Loading and Saving Data using Pandas

Loading Data

In data analysis, the first step is often to load data from various sources. Pandas offers a range of functions to facilitate this process, supporting formats such as CSV, Excel, SQL, JSON, and more. For data analysis, data can often come from CSV files, APIs, or databases.

Reading CSV Files

CSV (Comma-Separated Values) files are one of the most common data formats in data analysis.

In our data folder, we have a file named 'stocks.csv'. It contains daily stock prices data for 5 different stocks.
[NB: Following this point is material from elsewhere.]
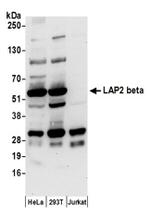 LAP2 beta/TMPO Antibody in Western Blot (WB)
We will load it into our Jupyter session using pandas' pd.read_csv method.

1# Load stock data from a CSV file
2stocks_df = pd.read_csv('../data/stocks.csv', parse_dates=['Date'], index_col='Date')
3
4

In this line of code, stocks.csv is the name of the file we’re reading from. The parse_dates parameter is used to specify which column should be parsed as a date, while index_col is used to set the date column as the index of the DataFrame, providing a time-series structure to the data.

We can now display this dataframe. The head() method in pandas displays the first few rows of a DataFrame. By default, it shows the first five rows, but you can specify a different number if needed within the brackets, like .head(10).

Reading from Excel

Excel files are another common source of data, particularly in finance. Pandas can read data from Excel with the read_excel function. We have some sample data containing a company’s financials for the past 10 years. This data is in an excel file. The below code shows how to load this data as a dataframe.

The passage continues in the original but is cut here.